Apoyándose en que el tiempo ha pasado, que la gente, a veces, tiende a olvidar, a ceder ante el cansancio y el desánimo, algunos piensan que bastaría con hacer el vacío y los oídos sordos ante quienes, reclaman, suplican y finalmente exigen saber al menos, dónde están. Pero la memoria colectiva sigue estando ahí, no es olvidadiza, y ni el paso del tiempo puede evitar que un silencio cómplice se extienda para siempre sobre unos hechos que es necesario afrontar.
Confiar en el olvido, es una maldad, una taimada injusticia y una acción imperdonable que un país como éste no se puede permitir. Nunca pasará el suficiente tiempo para que se cierren los ojos ante los hechos que tuvieron lugar durante de la guerra civil, y que supusieron la desaparición de seres humanos de ambos bandos, sin juicio, sin oportunidad alguna de defenderse, por una simple denuncia, una venganza, una delación, o en el caso de los años de hierro de la posguerra, por crímenes cometidos por el gobierno que se alzó en armas contra la legalidad establecida, y que constituyen crímenes de Estado, de Lesa Humanidad, que no prescriben nunca que no pueden quedar impunes ni por parte de la justicia ni de la sociedad.
Si lo hiciéramos, si permitiésemos la ignominia de correr un tupido velo de silencio, indiferencia y abandono hacia las víctimas y quienes las reclaman, las generaciones futuras deberían recriminarnos semejante actitud de omisión y desprecio hacia quienes no piden más que saber dónde, como, por qué, no ya encontrar, porque en muchos casos, ni siquiera hallarán los huesos que las dos hermanas tuvieron la suerte localizar, pero sí indagar, investigar y llegar a conocer, al menos, las circunstancias de su desaparición.
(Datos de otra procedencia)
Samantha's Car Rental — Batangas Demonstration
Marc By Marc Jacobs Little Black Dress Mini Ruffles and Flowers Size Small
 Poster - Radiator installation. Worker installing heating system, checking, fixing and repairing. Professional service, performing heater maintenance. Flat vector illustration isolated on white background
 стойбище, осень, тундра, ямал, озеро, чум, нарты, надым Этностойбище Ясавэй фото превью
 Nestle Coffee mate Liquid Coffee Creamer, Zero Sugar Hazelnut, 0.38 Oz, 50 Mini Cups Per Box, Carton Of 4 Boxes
Aún quedan hermanos, pronto sólo quedarán nietos y después biznietos, que seguirán reclamando. Nadie puede arrogarse el derecho a cerrar las puertas, a negar a las familias el derecho que les asiste, derecho que jamás se extinguirá por mucho que se empeñen quienes se oponen a que la Ley de la Memoria Histórica siga adelante.
Oscuros intereses han de esconderse detrás de esa negativa que sólo procura olvido, dolor y resignación. La pretendida justificación de que es mejor no remover asuntos pasados es de una lógica perversa, injusta e irracional, que nos conduce a los profundos abismos donde moran los más atroces instintos que han hecho de la raza humana, pese a su inteligencia, la más vil y pérfida de todas las especies que habitan el planeta.
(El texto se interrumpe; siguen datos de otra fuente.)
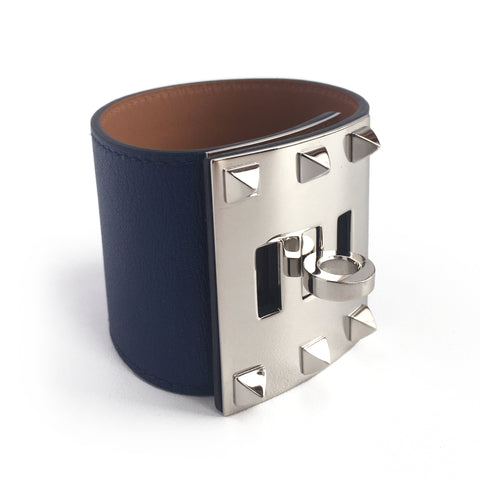Hermes Kelly Dog Extreme Studded Cuff Bracelet - Blue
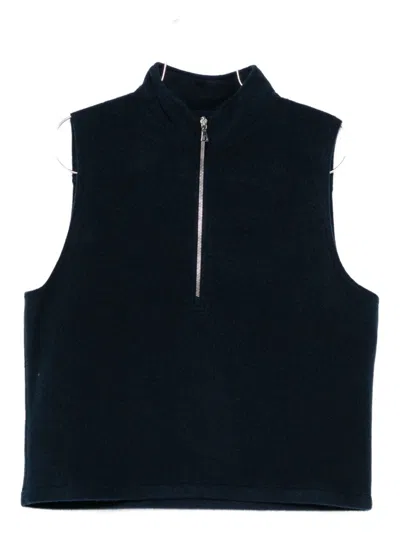 Rier Virgin Wool Zip-up Gilet In Blue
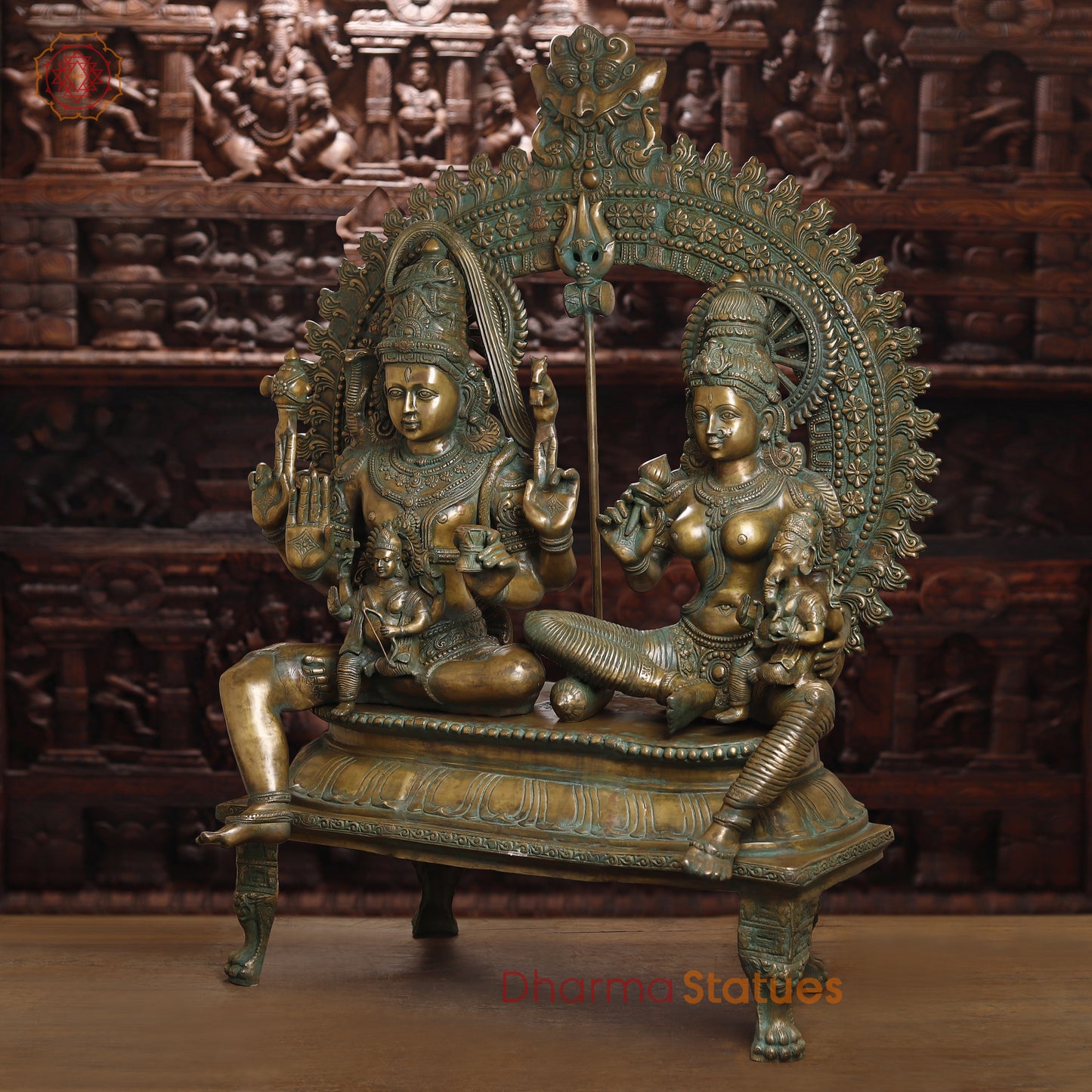 Brass Shiva, Parvati, Ganesh & Kartikeya, Golden & Green Finish, 55"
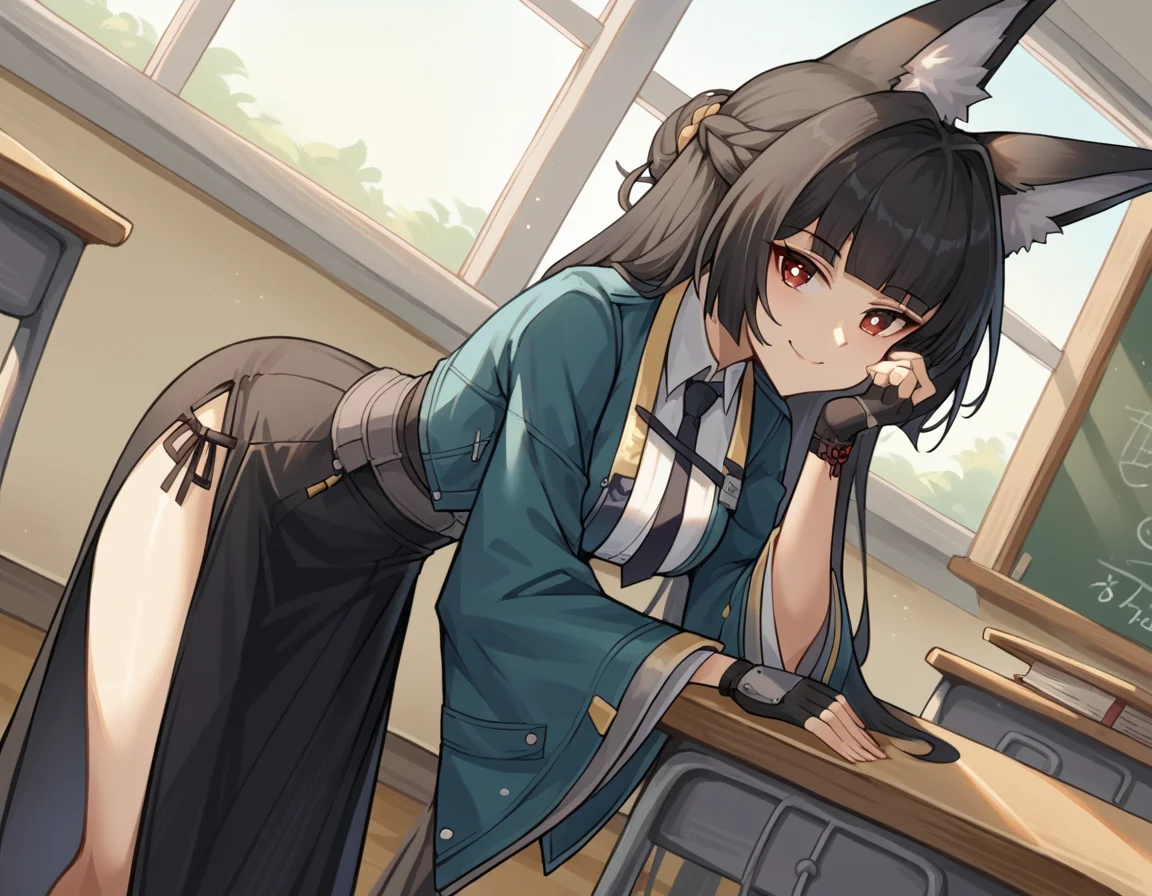 score_9, score_8_up, score_7_up, source_anime, miyabihoshimi, <lora:miyabi-hoshimi-ponyxl-lora-nochekaiser:1>, miyabi hoshimi,animal ear fluff, animal ears, black hair, bright pupils, fox ears, fox girl, half updo, long hair, red eyes, sidelocks, white pupils,, asymmetrical gloves, black gloves, black necktie, black skirt, blue jacket, collared shirt, fingerless gloves, gloves, high-waist skirt, jacket, long skirt, necktie, shirt, side slit, single fingerless glove, skirt, white shirt, wide sleeves,, indoors, classroom, bent over, smile, looking at viewer, solo, cowboy shot, dutch angle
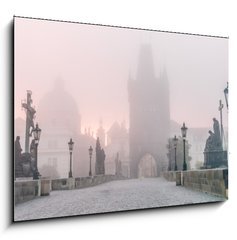 Sklenn obraz 1D - 100 x 70 cm F_E85888464 - Charles Bridge in Prague at foggy morning - Karlv most v Praze na mlhavm rnu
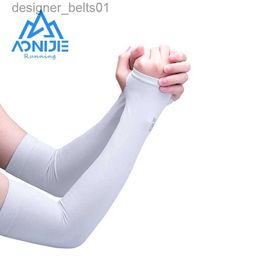 Sleevelet Arm Sleeves AONIJIE 1 Pair Unisex Arm Sleeves Ice Fabric Outdoor Running Sportswear Sun UV Protection Arm Cover Fishing Cycling Arm SleevesL231216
No cabe el olvido, ni la impunidad. No podemos desviar la mirada, ni soterrar unos acontecimientos que ya nadie puede obviar. Están ahí y una vez destapada la caja de los truenos, que tanto tiempo ha tardado en abrirse, ya nada ni nadie puede ni debe cerrarla. Alejemos de nosotros a los agoreros de siempre, a los portadores del miedo que tratan de disuadir con sus nefastos augurios a quienes pretenden que un rayo de luz ilumine una oscura y lóbrega época que constituye un capítulo de la historia de España aún por cerrar.
Sólo la verdad lo conseguirá y con ella pasaremos una página que debió leerse en su momento y que erróneamente se saltó, pensando que el tiempo se encargaría de borrar su contenido. Estamos a tiempo. Abramos la ventana. Entrará la luz serena y transparente y resplandecerá la verdad. Después podremos cerrarla con la conciencia tranquila y la seguridad de haber cerrado el capítulo más convulso de nuestra historia reciente.